(DATA FOR THIS EXERCISE Opens)

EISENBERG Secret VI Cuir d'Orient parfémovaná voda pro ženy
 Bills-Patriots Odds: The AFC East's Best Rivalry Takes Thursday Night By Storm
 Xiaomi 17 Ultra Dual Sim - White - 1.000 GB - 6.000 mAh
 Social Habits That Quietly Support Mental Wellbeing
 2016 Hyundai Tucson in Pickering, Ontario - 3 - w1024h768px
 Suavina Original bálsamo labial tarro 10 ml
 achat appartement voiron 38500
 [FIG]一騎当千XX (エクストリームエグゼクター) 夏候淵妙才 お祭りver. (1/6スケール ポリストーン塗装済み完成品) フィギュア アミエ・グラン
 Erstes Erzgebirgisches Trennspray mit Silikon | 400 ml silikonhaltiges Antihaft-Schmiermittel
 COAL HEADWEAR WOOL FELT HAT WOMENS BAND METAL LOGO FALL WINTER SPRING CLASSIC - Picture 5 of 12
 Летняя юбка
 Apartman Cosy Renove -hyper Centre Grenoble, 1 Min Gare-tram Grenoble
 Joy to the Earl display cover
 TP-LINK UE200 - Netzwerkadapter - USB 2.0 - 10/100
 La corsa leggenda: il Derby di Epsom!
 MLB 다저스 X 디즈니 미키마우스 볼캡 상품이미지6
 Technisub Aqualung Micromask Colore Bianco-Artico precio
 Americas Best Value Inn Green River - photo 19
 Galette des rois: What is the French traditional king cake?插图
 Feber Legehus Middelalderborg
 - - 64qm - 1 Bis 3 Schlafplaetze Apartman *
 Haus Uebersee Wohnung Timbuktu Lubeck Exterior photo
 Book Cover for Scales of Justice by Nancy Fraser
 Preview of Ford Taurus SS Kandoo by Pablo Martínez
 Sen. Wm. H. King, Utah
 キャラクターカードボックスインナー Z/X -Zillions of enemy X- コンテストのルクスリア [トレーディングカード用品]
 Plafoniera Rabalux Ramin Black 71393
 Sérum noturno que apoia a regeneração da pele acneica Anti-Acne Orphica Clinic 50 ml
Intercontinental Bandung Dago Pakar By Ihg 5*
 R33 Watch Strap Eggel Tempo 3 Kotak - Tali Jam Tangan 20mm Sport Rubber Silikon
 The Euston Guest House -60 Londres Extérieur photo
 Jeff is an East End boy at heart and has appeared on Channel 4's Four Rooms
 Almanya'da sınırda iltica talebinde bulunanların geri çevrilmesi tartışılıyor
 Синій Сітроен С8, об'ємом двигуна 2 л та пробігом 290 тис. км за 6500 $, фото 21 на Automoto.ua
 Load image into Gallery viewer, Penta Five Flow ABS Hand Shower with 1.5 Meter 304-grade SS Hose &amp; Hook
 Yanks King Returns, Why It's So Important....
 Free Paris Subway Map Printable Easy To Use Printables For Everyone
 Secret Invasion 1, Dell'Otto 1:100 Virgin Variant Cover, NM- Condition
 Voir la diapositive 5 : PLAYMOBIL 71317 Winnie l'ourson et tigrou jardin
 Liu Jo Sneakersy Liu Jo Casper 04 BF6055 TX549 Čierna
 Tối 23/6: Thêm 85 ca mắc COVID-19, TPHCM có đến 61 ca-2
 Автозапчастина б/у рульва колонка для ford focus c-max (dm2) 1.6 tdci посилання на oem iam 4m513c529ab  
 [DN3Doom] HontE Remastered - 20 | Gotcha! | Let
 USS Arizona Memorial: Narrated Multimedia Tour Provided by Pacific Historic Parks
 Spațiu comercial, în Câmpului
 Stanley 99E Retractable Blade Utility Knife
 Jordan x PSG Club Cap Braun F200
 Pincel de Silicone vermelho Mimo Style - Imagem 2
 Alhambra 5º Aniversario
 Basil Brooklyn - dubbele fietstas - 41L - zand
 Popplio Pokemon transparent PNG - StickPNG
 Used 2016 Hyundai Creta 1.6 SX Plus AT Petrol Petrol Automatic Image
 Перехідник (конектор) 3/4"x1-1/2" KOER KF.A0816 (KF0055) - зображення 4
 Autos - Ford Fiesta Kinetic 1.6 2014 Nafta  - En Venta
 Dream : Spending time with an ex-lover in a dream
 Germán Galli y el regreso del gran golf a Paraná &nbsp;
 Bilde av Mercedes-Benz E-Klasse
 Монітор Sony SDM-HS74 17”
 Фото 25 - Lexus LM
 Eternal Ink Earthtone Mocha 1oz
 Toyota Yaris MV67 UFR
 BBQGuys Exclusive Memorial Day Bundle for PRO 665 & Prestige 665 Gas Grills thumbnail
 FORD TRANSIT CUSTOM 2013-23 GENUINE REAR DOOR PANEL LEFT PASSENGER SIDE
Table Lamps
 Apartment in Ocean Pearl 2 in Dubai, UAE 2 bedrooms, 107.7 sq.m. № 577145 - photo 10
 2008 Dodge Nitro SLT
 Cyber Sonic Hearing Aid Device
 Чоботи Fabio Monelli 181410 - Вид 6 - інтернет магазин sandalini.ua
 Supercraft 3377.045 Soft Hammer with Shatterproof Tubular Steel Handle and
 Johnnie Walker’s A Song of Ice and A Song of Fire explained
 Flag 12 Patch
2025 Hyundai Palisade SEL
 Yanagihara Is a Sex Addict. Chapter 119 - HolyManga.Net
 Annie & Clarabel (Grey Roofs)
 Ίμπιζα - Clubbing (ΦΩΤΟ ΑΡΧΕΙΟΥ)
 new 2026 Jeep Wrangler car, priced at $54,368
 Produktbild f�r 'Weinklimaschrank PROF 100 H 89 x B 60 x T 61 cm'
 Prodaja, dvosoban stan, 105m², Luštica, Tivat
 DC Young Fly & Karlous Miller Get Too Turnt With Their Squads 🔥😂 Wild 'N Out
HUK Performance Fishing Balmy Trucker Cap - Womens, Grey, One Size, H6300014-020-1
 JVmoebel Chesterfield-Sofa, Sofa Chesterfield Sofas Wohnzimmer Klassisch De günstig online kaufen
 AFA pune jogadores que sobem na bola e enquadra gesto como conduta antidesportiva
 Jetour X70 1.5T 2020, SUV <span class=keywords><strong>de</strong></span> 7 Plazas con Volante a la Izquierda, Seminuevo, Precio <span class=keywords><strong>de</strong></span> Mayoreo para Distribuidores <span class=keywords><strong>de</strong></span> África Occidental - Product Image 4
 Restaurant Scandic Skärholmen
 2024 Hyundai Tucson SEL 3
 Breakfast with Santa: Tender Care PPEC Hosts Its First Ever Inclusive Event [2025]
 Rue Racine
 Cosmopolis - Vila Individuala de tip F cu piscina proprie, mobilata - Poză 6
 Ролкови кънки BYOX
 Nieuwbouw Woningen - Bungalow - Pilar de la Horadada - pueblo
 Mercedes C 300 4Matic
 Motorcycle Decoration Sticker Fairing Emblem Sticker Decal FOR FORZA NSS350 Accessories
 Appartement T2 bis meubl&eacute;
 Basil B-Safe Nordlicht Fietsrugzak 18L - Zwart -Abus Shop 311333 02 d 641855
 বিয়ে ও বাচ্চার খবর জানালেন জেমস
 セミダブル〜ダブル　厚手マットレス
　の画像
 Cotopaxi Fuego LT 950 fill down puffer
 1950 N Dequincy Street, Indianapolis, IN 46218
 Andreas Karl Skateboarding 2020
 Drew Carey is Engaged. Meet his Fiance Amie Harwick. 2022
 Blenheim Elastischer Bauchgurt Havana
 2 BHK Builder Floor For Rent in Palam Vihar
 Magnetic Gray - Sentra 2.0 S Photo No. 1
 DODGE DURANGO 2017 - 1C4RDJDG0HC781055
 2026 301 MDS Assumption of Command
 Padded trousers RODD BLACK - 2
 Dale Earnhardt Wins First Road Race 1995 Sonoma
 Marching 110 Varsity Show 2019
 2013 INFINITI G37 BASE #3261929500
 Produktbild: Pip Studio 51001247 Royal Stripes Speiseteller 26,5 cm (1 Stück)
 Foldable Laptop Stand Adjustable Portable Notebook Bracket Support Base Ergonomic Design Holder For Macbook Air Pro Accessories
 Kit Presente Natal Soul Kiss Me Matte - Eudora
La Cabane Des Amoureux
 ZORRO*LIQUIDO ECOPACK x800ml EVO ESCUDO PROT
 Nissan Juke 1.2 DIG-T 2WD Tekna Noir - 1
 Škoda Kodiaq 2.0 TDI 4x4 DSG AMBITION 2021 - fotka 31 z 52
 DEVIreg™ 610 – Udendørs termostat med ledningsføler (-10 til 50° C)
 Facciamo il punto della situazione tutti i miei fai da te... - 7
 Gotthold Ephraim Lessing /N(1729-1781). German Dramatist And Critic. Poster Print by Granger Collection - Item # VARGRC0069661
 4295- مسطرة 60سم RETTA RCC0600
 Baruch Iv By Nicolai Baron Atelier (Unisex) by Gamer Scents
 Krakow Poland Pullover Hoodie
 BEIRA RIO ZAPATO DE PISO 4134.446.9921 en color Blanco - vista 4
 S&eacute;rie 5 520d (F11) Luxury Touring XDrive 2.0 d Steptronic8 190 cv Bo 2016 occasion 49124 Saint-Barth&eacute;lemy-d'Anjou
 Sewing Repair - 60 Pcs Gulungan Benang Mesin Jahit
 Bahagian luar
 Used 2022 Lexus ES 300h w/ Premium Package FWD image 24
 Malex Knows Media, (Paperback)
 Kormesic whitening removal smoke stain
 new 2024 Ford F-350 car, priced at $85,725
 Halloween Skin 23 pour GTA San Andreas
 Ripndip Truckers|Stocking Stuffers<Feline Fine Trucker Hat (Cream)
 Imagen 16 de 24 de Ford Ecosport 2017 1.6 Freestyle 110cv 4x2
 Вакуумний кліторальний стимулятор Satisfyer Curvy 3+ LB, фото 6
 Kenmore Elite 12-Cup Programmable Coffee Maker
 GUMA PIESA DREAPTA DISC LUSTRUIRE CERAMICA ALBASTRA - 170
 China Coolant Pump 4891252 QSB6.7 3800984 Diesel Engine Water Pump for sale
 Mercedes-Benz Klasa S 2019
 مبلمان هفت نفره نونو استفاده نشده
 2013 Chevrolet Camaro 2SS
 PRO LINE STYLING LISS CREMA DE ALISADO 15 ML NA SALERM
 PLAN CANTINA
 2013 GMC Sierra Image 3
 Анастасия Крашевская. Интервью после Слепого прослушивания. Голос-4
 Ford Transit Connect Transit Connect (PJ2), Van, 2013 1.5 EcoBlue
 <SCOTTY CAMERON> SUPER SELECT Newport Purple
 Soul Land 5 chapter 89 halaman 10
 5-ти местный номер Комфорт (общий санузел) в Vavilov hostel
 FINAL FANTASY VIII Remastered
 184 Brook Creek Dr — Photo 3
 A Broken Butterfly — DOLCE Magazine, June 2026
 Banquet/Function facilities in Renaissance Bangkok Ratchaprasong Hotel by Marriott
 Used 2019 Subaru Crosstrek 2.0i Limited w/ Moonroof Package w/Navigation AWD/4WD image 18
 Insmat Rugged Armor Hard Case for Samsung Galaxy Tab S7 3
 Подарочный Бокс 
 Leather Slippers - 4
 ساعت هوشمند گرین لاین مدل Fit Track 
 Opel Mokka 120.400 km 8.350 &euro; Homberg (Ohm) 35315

(DATA FOR THIS EXERCISE Closes)

### ACTIVITY
Your reply should hold only the lines from the first line of the records through the one with "Social Habits That", reproduced word for word.

### EXERCISE RESULT
EISENBERG Secret VI Cuir d'Orient parfémovaná voda pro ženy
 Bills-Patriots Odds: The AFC East's Best Rivalry Takes Thursday Night By Storm
 Xiaomi 17 Ultra Dual Sim - White - 1.000 GB - 6.000 mAh
 Social Habits That Quietly Support Mental Wellbeing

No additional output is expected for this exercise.